Wilhelm Genazinos Vorschlag für den neuen ´Plan d´études´
Wie versprochen liefert der Alte nach!
Wilhelm Genazino wünscht sich etwas in seinem wunderbaren Buch von 2023, Der Traum des Beobachters. München, Hanser.:
«Manchmal wünsche ich mir eine Schule mit einem ganz neuen Lehrplan. Die Unterrichtsfächer lauten: Würde, Scham, Aufmerksamkeit, Nachdenklichkeit. Oder: Reflektieren, Offenheit, Interesse. (…) Neue Fächer für einen neuen Stundenplan: Nachdenklichkeit, Aufmerksamkeit, Enttäuschungskunde. (…) Schulfach Enttäuschungslehre und -praxis; und: Verliebtsein.» (S. 177, 184, 193)

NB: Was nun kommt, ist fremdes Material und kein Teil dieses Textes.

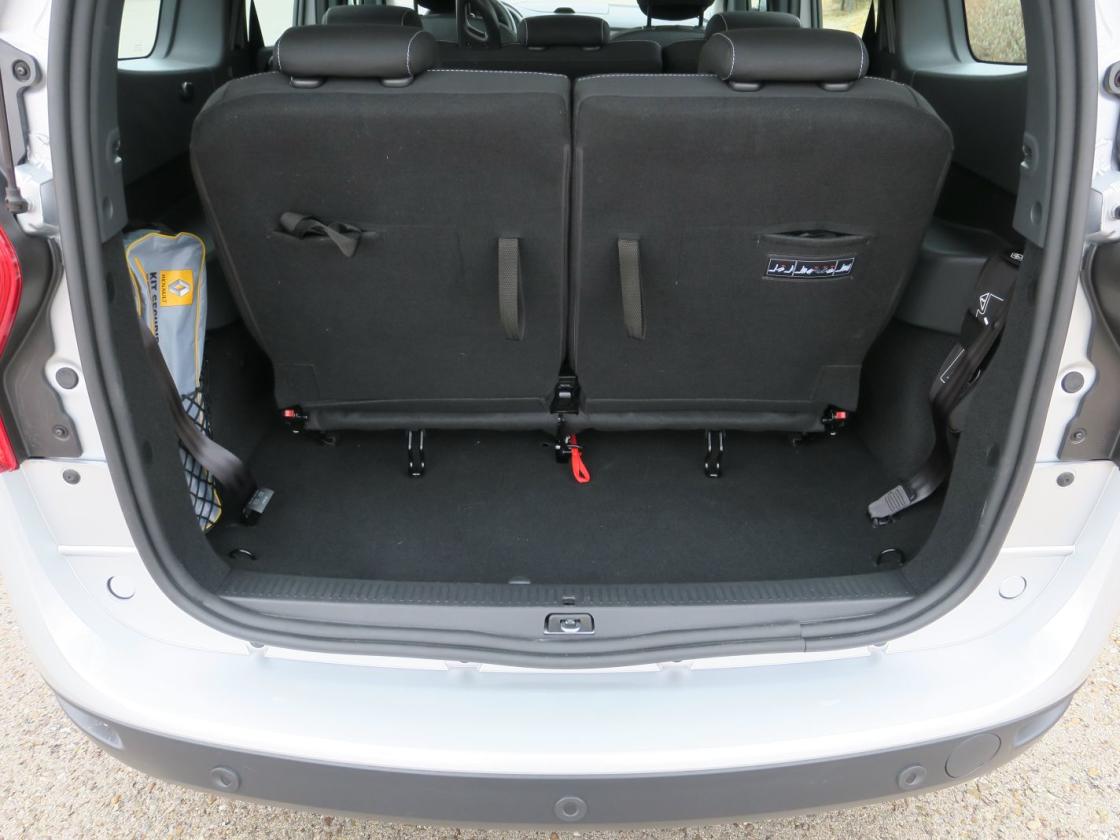 dacia-lodgy-laureate-1_g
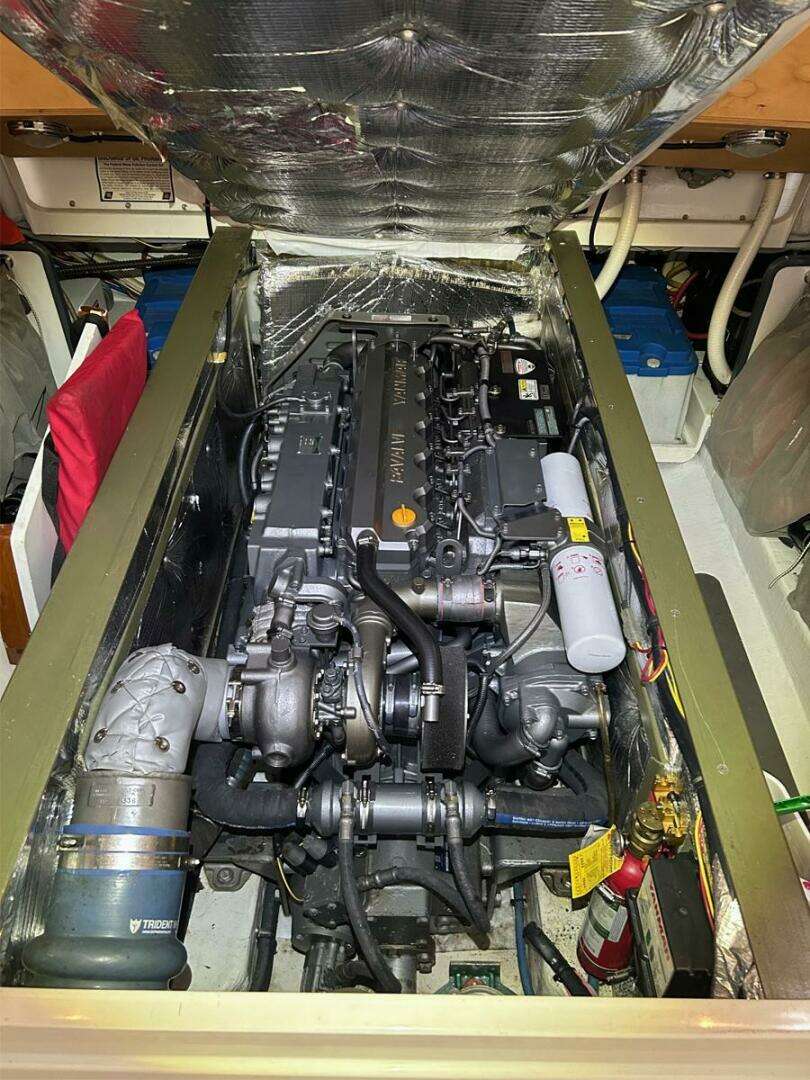 2007 MJM 34z Hard Top Express - Image 26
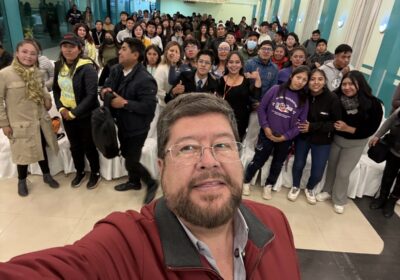 Las miradas de los jóvenes, su sonrisa, su habilidad tecnológica, su talento, su deseo…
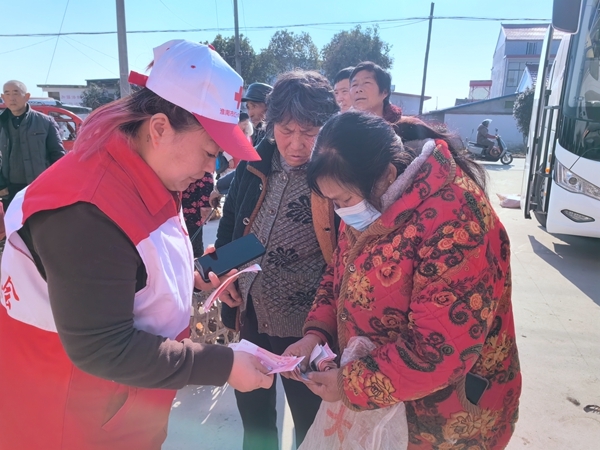 “爱心鸡”再度激情热销4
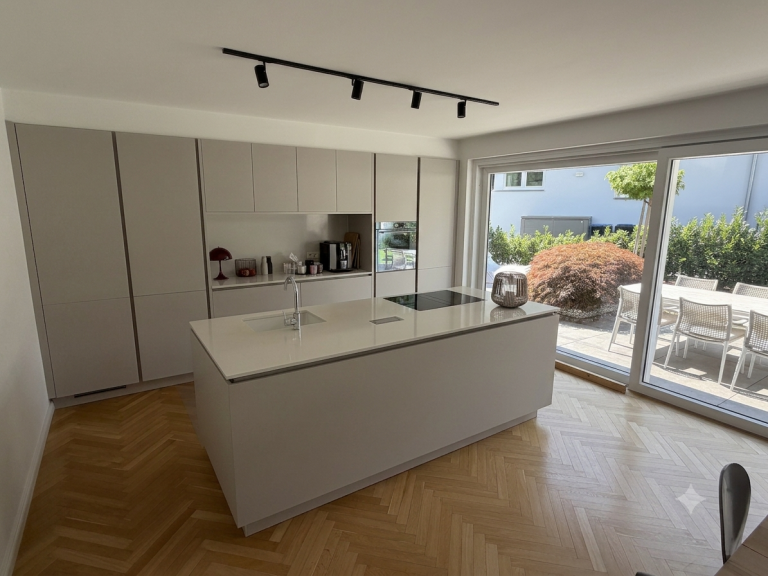 K�che Bad Salzuflen Einfamilienhaus Alles neu und mit viel Platz am Asenberg!
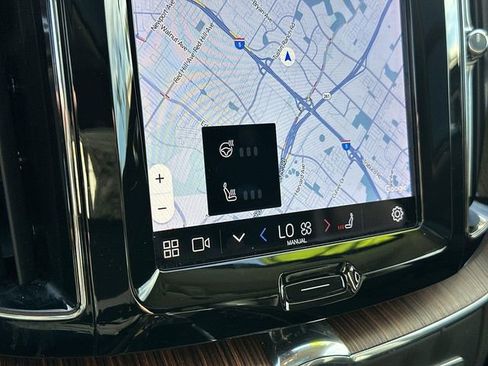 Used 2023 Volvo XC60 B5 Plus image 38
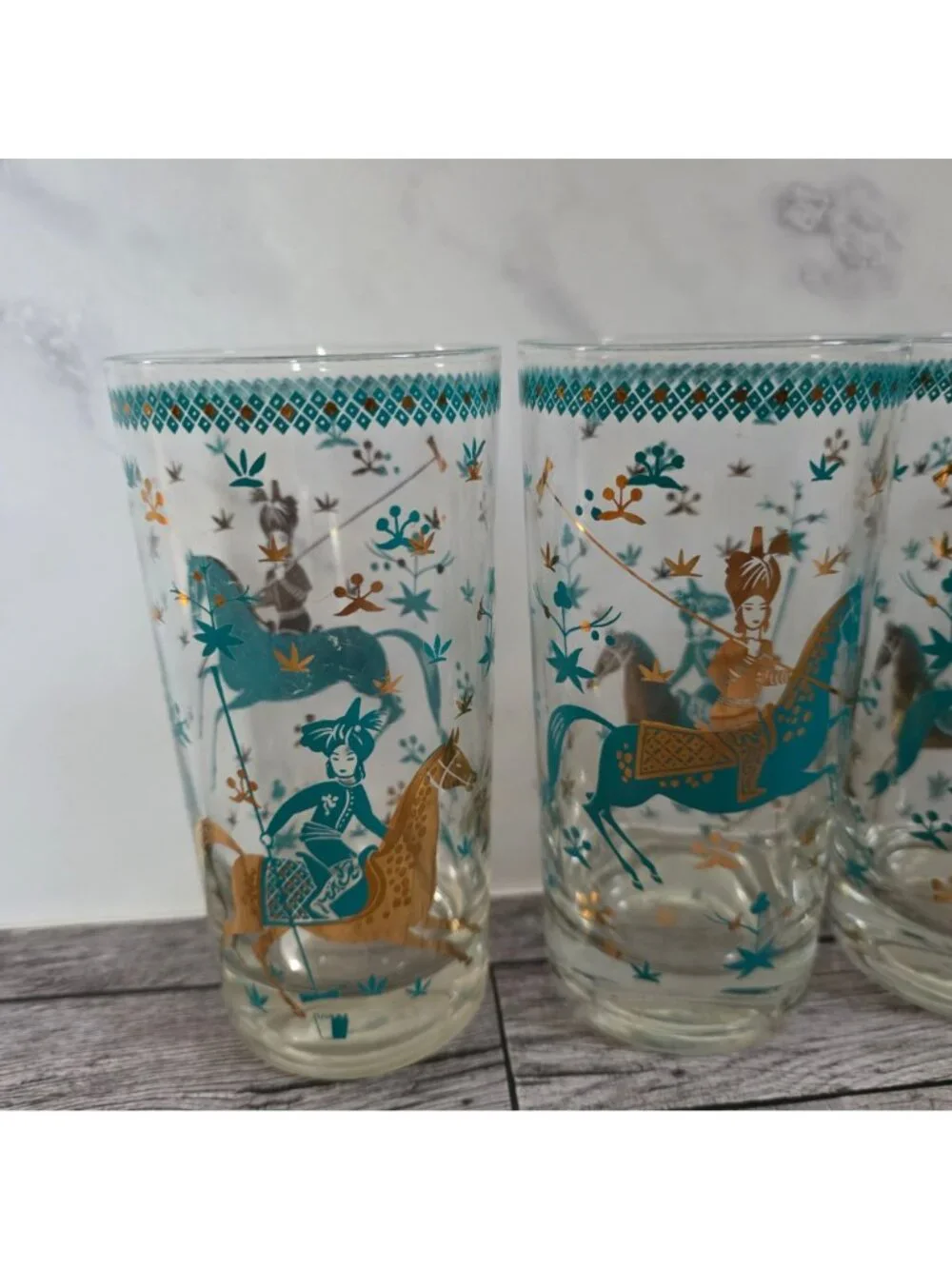 Set Of 4 Vintage Tall Glasses Medieval Knight Horse Design - Gold & Teal Accents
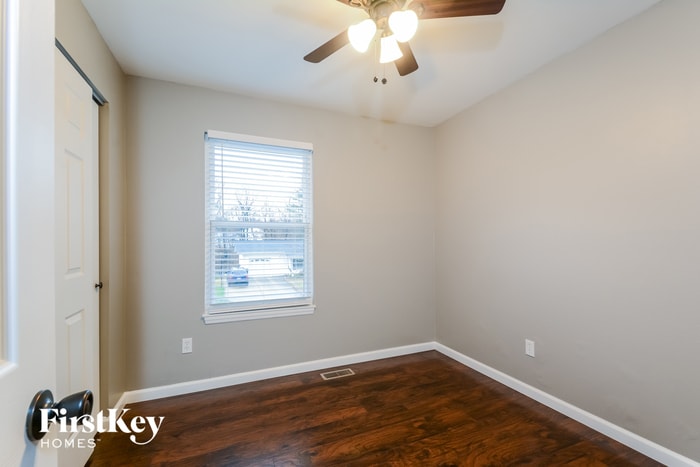 Building Photo - 22 Oak Forest Dr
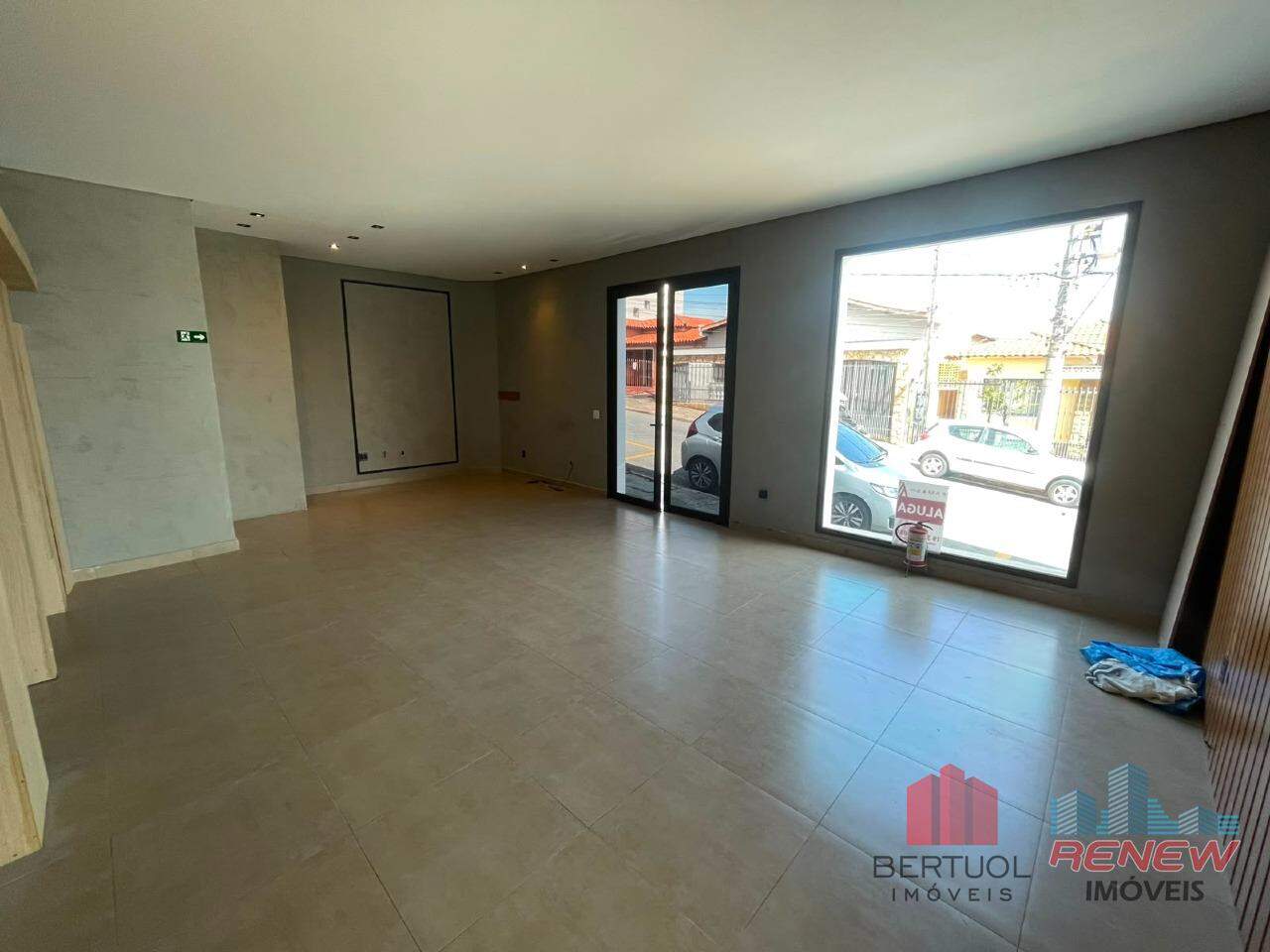 Sala para aluguel Centro em Vinhedo: SALÃO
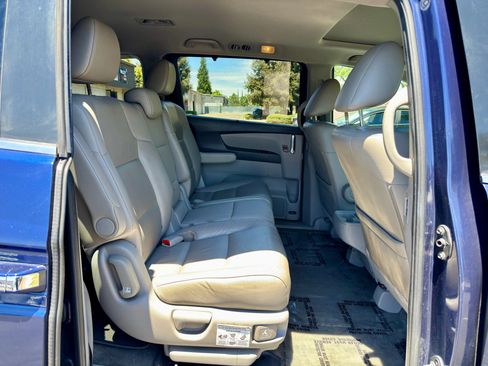 Used 2015 Honda Odyssey EX-L image 14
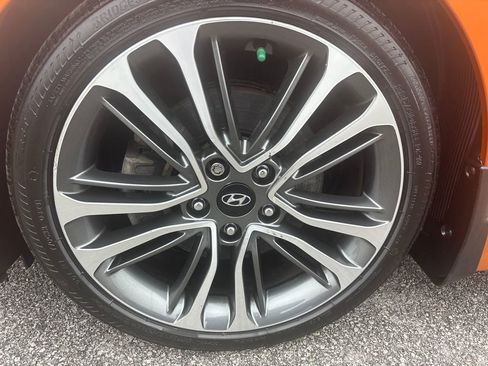 Used 2016 Hyundai Veloster Turbo image 32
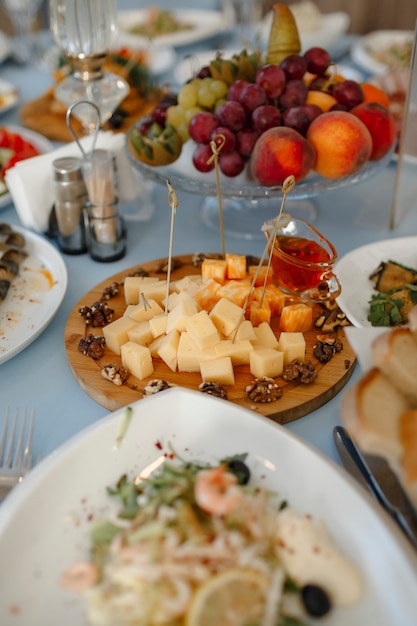 Cena festiva, queso con miel y nueces.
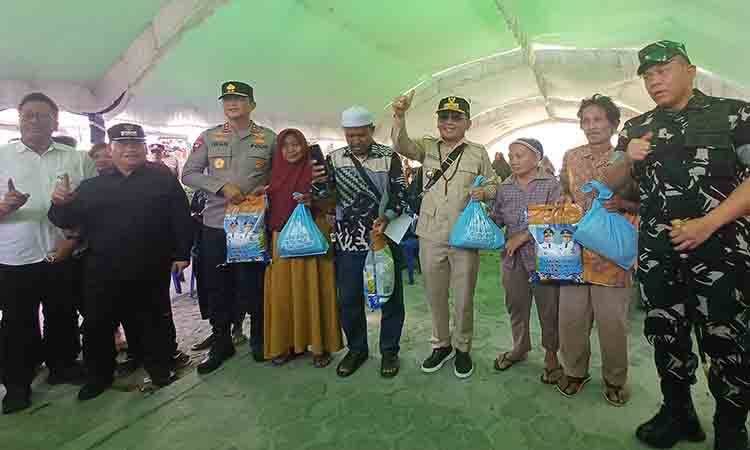 Gubernur Kalteng Gratiskan Lebih dari 4.000 Paket Sembako Pasar Murah untuk Warga Sampit
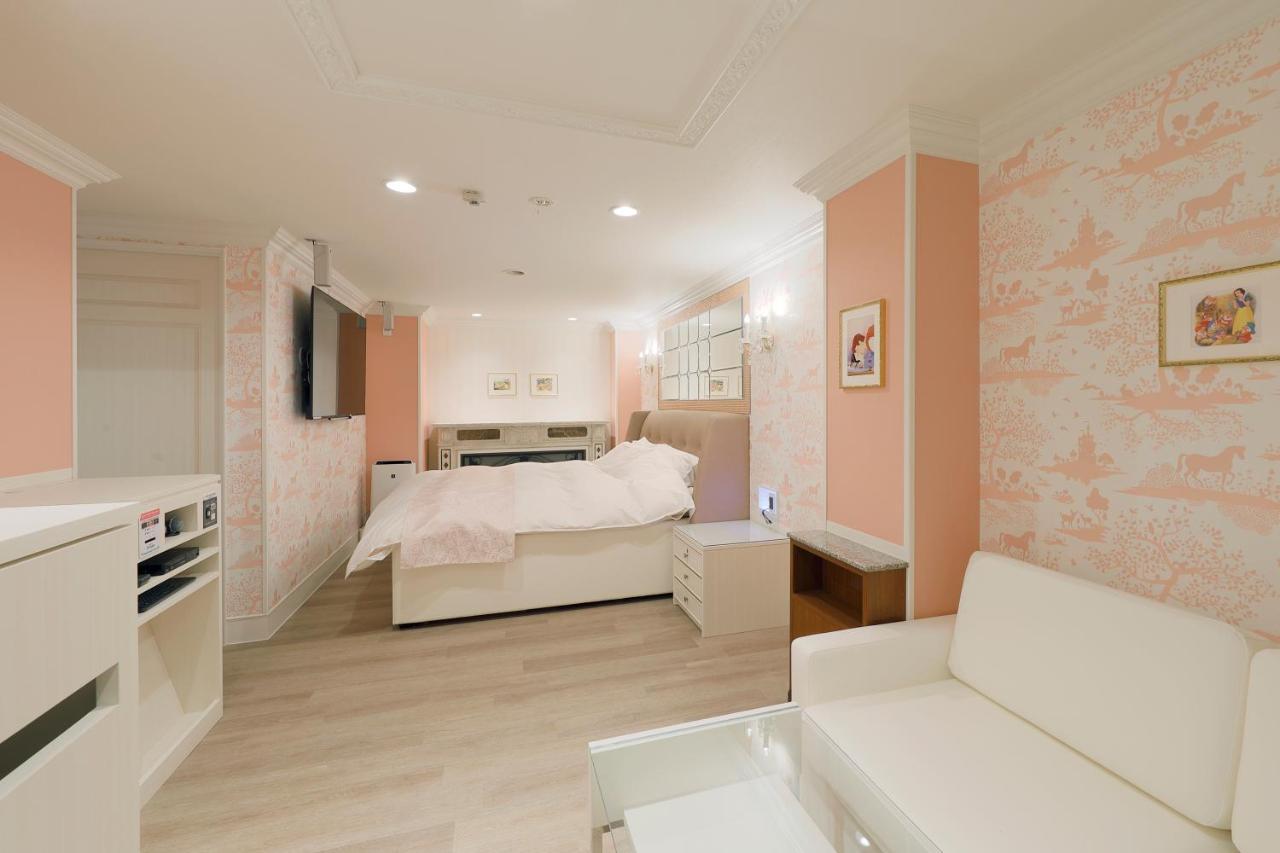 ホテルバースデーきよす店 Hotel Birthday Kiyosu Exteriér fotografie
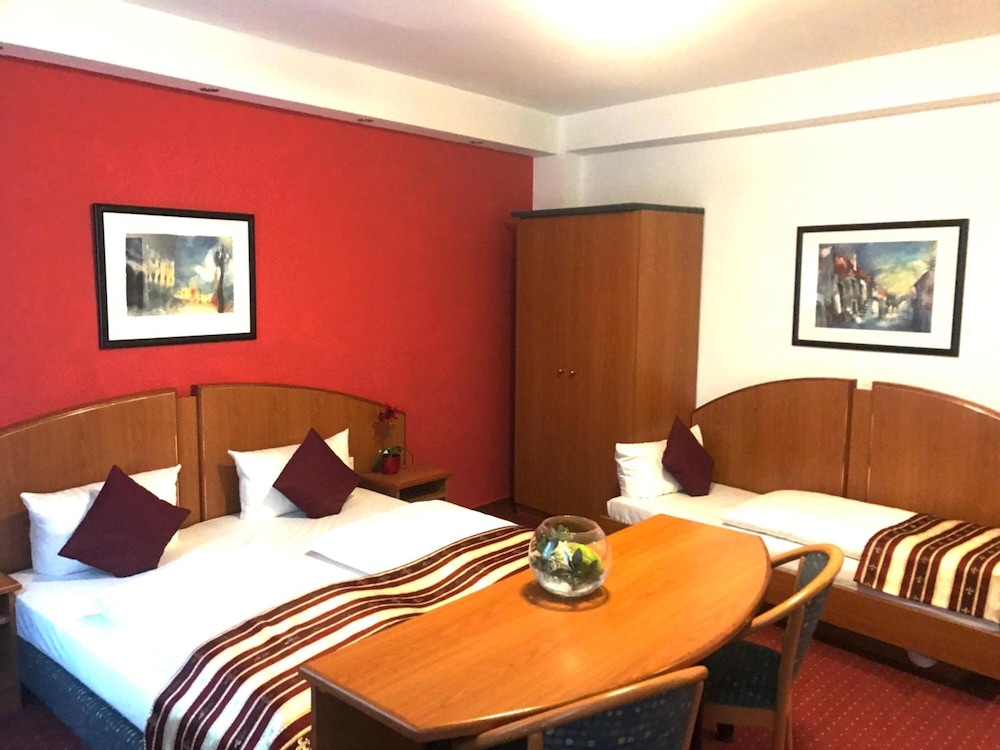 Hotel Condor 9/41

Revolutionär klingen seine Worte, wenn er anmahnt, dass sich mit diesem Lehrplan Verstehensentwürfe aufbauen lassen. So konstituieren sich private Bildungssysteme, die schwer messbar und kontrollierbar sind (S. 71).
Genazino bewundert Jean Pauls Formulierung: „Wo der Mensch sich anfängt …“. Er ist überwältigt: «Eindrucksvoll (und ganz modern) ist, daß ein Mensch sich selber anzufangen hat, daß das Menschsein und Menschenwerden eine Tätigkeit ist, ein Projekt; nichts Gegebenes.» (S. 191)
Im Gegensatz zu den gängigen Regelungen und Vorgaben in unseren Lehrplänen spricht Genazino dem Alten aus dem Herzen, wenn er immer wieder den Zusammenstoß mit einem Material als Grundlage fürs Schreiben anführt (z.B. Eintrittskarte, Satz auf dem Ticket) (S. 152).
Er gibt auch methodische Tipps: «Um zu Ideen zu kommen, müssen wir mit dem Material spielen, über das wir Einfälle erwarten. Indem wir das Material bewegen, lösen wir Ideen aus. Das heißt: wir wissen nicht genau, wonach wir suchen, aber wir müssen trotzdem suchen.» (S. 201)
Am Ende seines Buches schreibt Genazino folgende Mahnung an alle Lehrpersönlichkeiten: «Man muß warten können, bis die Dinge anfangen zu sprechen.» (S. 414)
Wir werden sehen, ob Genazinos Einsichten und Vorschläge in unserem neuen Lehrplan ihren Niederschlag finden werden.